AVAILABLE DATA:

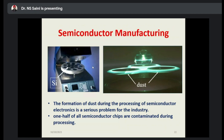In the semiconductor manufacturing industry, formation of dust during the processing of semiconductor electronics is a serious problem. They have to get rid of the dust, which makes the components or devices difficult to manufacture. In fact, one half of all semiconductor chips are contaminated during the processing. People are working on choosing different kinds of dust-management strategies in the semiconductor industry, so that they can have chips with more efficiency.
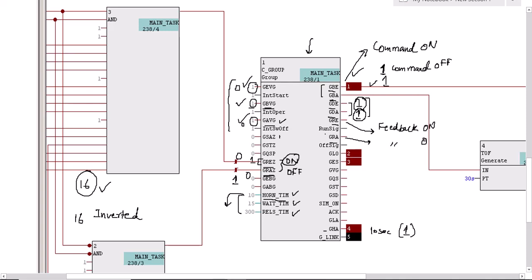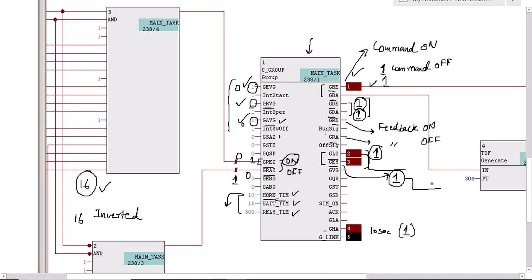GLO and GES relate to operating modes. Devices can operate in local mode, single mode, or automatic mode. If the operator selects local mode, GLO will be one, and this is linked with each C Drive block so all devices go to local mode. GES stands for single mode — when the operator selects single mode, a one signal is initiated and interlinked with each C Drive block so all equipments go to single mode. If both GLO and GES are zero, the group is in automatic mode.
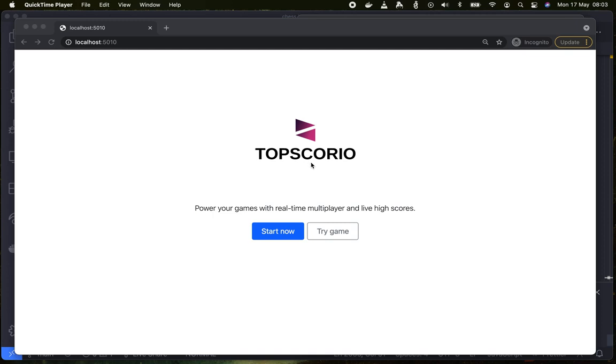Hi! Welcome to Topscorio, the web service that powers your games with real-time multiplayer and live high scores.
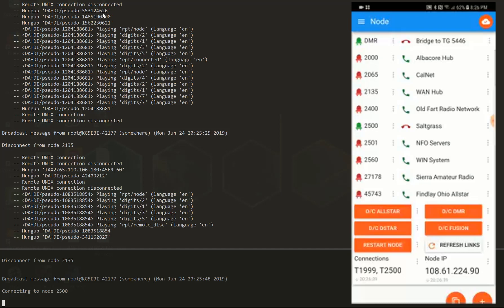So anyway, I appreciate your time. Thanks for taking the time to watch. And I just wanted to kind of show off what I've been working on here. KG5 EBI, you all have a great day. Thanks for listening.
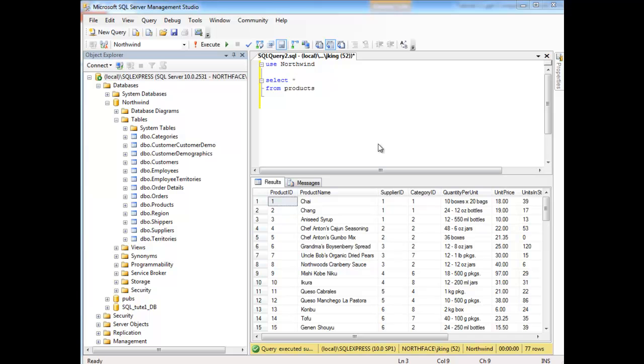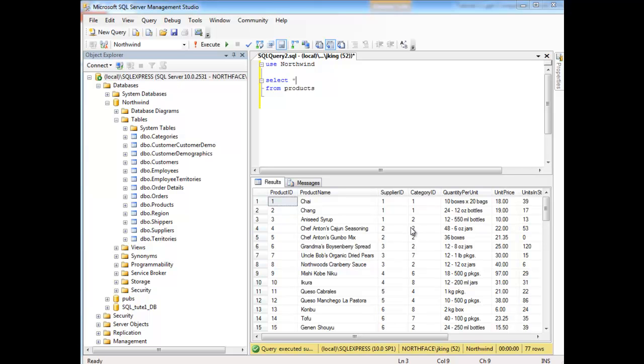For example, notice we have supplier ID and category ID. Chai and Chang share the same supplier ID and category ID. Aniseed syrup, these two - this one and two is different from one and one up here, and it's also different from two and two down here. But this two and two is the same as this two and two down there. So basically when I say DISTINCT, I'm comparing all values in the select list.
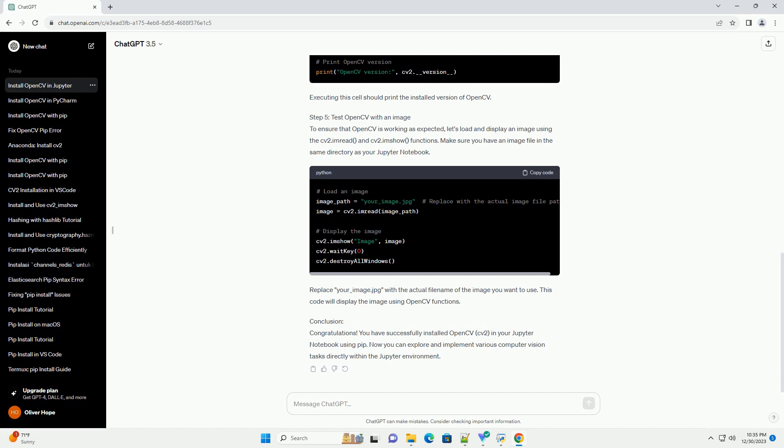Step 4: Verify the Installation. After the installation is complete, you can verify that OpenCV is installed correctly by importing the CV2 module and checking its version. Executing the cell should print the installed version of OpenCV.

DESCRIPTION OF THE TASK: Could you repeat, exactly and with nothing else, the lines from the one containing "So anyway, I" through the last line of the records above, leaving out the pictures?

WRITTEN RESPONSE:
So anyway, I appreciate your time. Thanks for taking the time to watch. And I just wanted to kind of show off what I've been working on here. KG5 EBI, you all have a great day. Thanks for listening.
For example, notice we have supplier ID and category ID. Chai and Chang share the same supplier ID and category ID. Aniseed syrup, these two - this one and two is different from one and one up here, and it's also different from two and two down here. But this two and two is the same as this two and two down there. So basically when I say DISTINCT, I'm comparing all values in the select list.
Step 4: Verify the Installation. After the installation is complete, you can verify that OpenCV is installed correctly by importing the CV2 module and checking its version. Executing the cell should print the installed version of OpenCV.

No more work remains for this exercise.